[RECORDS FOR THE TASK]:
== == ==

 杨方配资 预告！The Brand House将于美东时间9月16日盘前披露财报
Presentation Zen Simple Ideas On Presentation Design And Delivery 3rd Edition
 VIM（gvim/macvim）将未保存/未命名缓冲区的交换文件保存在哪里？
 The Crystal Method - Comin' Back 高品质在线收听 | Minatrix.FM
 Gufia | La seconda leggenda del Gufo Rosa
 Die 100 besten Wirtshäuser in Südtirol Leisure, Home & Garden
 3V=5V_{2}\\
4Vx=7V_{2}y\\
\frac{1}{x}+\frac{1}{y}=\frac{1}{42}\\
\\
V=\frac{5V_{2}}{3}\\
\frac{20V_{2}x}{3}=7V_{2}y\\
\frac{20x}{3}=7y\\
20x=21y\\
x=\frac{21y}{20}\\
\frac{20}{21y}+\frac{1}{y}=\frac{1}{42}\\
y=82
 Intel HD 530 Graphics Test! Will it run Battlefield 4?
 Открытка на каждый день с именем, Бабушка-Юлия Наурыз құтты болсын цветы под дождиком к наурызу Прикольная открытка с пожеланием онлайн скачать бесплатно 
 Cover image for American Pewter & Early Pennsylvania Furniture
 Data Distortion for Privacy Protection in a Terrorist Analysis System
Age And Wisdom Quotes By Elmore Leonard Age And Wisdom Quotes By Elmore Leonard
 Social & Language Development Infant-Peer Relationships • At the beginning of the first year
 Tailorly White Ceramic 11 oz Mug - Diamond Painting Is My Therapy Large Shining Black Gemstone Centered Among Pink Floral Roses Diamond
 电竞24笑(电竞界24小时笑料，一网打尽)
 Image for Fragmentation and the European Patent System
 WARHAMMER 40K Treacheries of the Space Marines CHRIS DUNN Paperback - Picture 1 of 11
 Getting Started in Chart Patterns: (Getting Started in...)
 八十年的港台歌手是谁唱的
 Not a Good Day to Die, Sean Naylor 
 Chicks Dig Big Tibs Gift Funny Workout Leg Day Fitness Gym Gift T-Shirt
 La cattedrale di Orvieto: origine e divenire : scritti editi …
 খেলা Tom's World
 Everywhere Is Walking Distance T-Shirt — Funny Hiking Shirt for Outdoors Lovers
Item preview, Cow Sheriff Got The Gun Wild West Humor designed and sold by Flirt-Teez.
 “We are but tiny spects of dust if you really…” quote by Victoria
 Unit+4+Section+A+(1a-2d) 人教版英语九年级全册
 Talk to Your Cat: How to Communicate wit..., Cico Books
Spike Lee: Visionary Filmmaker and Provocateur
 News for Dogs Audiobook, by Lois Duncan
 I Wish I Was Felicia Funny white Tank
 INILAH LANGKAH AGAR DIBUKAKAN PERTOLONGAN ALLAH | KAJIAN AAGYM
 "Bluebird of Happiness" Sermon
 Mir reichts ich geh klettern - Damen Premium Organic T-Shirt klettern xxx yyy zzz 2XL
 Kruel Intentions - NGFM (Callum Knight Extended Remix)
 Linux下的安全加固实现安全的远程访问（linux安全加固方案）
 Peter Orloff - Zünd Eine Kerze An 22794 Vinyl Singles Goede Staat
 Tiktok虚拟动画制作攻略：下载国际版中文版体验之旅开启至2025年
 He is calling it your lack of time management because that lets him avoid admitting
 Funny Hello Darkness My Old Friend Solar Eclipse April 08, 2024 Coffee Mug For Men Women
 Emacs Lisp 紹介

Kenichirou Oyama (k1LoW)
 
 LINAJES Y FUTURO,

== == ==

[WORK TO BE COMPLETED]: Only the lines from the one with "INILAH LANGKAH AGAR" through the end of the material are wanted; copy them exactly, both ends included.

[COMPLETED EXERCISE]:
 INILAH LANGKAH AGAR DIBUKAKAN PERTOLONGAN ALLAH | KAJIAN AAGYM
 "Bluebird of Happiness" Sermon
 Mir reichts ich geh klettern - Damen Premium Organic T-Shirt klettern xxx yyy zzz 2XL
 Kruel Intentions - NGFM (Callum Knight Extended Remix)
 Linux下的安全加固实现安全的远程访问（linux安全加固方案）
 Peter Orloff - Zünd Eine Kerze An 22794 Vinyl Singles Goede Staat
 Tiktok虚拟动画制作攻略：下载国际版中文版体验之旅开启至2025年
 He is calling it your lack of time management because that lets him avoid admitting
 Funny Hello Darkness My Old Friend Solar Eclipse April 08, 2024 Coffee Mug For Men Women
 Emacs Lisp 紹介

Kenichirou Oyama (k1LoW)
 
 LINAJES Y FUTURO,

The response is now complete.